Bouncing between the two stories, Ephron's cuisine is clearly undercooked. Amy Adams (Doubt) plays Powell and serves the main dish. Her struggle misses key ingredients causing you to pick at the many courses with your fork and long for more of Meryl Streep's scrumptious dessert. Streep does Child and Stanley Tucci (The Devil Wears Prada) plays Child's diplomatic corps husband, Stanley. They bake Child's story with a precision that makes Julie & Julia one of the year's best movies.

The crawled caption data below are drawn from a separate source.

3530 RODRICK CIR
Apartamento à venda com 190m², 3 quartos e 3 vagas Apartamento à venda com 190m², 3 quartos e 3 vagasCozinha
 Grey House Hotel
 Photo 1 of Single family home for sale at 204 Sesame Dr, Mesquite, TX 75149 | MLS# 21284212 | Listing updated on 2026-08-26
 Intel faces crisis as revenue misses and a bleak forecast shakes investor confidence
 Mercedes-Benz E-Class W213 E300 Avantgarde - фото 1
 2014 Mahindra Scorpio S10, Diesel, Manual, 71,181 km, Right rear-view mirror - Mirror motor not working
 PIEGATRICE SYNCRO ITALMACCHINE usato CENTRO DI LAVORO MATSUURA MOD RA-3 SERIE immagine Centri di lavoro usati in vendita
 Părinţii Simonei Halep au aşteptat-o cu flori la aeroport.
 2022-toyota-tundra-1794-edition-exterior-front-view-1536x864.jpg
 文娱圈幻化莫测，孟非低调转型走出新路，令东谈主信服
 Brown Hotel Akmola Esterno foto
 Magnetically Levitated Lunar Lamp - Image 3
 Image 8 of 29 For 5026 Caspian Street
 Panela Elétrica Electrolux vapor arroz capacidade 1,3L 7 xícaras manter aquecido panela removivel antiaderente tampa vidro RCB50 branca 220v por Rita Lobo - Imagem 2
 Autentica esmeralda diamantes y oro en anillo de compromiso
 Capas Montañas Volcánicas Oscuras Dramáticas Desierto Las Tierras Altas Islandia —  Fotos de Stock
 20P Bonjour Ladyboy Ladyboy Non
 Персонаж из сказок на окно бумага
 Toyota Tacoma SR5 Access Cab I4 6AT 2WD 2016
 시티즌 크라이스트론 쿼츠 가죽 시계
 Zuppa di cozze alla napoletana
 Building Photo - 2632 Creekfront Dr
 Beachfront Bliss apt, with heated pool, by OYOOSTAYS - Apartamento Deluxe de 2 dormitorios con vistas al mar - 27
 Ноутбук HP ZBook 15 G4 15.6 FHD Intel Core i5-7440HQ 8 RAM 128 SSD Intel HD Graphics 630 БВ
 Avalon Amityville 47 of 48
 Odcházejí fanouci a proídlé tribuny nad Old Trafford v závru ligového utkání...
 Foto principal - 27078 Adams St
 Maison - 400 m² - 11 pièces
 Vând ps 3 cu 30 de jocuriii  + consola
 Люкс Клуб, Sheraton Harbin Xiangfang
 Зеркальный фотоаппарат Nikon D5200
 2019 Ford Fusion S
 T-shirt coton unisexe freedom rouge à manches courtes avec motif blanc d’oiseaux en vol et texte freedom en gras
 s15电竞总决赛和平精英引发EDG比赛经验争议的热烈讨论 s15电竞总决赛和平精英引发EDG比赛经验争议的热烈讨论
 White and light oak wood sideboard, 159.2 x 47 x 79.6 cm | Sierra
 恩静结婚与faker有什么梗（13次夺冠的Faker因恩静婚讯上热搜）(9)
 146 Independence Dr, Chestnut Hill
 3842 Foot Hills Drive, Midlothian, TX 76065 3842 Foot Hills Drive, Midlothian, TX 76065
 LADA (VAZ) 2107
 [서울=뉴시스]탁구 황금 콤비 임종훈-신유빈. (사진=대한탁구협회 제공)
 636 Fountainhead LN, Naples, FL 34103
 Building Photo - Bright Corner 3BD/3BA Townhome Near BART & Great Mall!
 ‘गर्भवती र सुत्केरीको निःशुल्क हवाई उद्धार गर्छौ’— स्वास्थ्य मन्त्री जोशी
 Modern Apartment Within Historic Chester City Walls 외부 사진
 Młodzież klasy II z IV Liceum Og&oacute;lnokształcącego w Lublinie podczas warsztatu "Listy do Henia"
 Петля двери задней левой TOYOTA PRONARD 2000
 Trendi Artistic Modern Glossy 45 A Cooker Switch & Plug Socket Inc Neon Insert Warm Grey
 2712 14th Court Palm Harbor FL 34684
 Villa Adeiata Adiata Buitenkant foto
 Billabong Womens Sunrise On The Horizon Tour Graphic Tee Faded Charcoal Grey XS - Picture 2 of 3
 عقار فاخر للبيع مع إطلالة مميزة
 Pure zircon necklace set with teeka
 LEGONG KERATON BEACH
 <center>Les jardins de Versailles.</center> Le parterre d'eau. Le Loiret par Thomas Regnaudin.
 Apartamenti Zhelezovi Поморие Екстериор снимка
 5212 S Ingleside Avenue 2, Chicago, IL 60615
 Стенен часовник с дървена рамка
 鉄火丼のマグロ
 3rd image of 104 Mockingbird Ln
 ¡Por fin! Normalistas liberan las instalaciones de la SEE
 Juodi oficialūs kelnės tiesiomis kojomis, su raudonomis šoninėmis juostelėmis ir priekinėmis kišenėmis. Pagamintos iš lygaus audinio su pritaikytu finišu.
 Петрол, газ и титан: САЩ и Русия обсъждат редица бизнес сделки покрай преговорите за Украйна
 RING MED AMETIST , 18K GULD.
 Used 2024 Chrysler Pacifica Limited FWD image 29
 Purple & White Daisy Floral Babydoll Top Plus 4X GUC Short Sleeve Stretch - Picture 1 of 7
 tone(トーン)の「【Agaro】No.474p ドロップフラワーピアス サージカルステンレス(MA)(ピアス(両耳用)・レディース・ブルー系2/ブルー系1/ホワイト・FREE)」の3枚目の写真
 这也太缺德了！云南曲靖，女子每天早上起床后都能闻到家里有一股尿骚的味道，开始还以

With 15 Oscar nominations and two wins, and 23 Golden Globe nominations and six wins, and hundreds of nominations and awards from other acting organizations, you can argue that Streep is the best actress of all time. You also can argue that comedy isn't really her thing. Streep has done 60 movies and TV projects with a resume ranges from ordinary goody-two-shoes characters to psychopaths. In all that she has never had more fun with a character than in Julie & Julia.
Decked in frumpy '40s era dresses and some extra padding, Streep masters Child's high-pitched, hilarious, hiccupped harrumps, cranks up the oven and does Child with childlike abandon. Even for Streep this is off the charts.
Those remembering Julia Child from her TV cooking show and from multiple guest appearances on TV talk shows in the 1960s and early 1970s will understand. The rest of you, just enjoy the meal. Acting is rarely this tasty.
A Perfect Getaway
Steve Zahn (Sunshine Cleaning) and Milla Jovovich (Resident Evil) are honeymooning in Hawaii. While backpacking on a remote trail they learn murderers are on the loose.
A couple they met on the trail played by Timothy Olyphant (Hitman) and Kiele Sanchez (Lost) fit their description. That ratchets up the paranoia.
A great cast helps sell the concept. Zahn whines and worries about their safety causing his beautiful bride, Jovovich to fret. The always-charismatic Olyphant is just under over-the-top and Sanchez's southern charm is disarming. The plot dangles on details in all the right places and finishes with a flourish.
A Perfect Getaway isn't perfect. Not even close. It is, however, better than most psychopath-on-the-loose flicks. Though his film is gratefully short, writer/director David Twohy, whose most famous work is The Fugitive still takes too much time working through the standard suspect check list before getting to a terrific twist.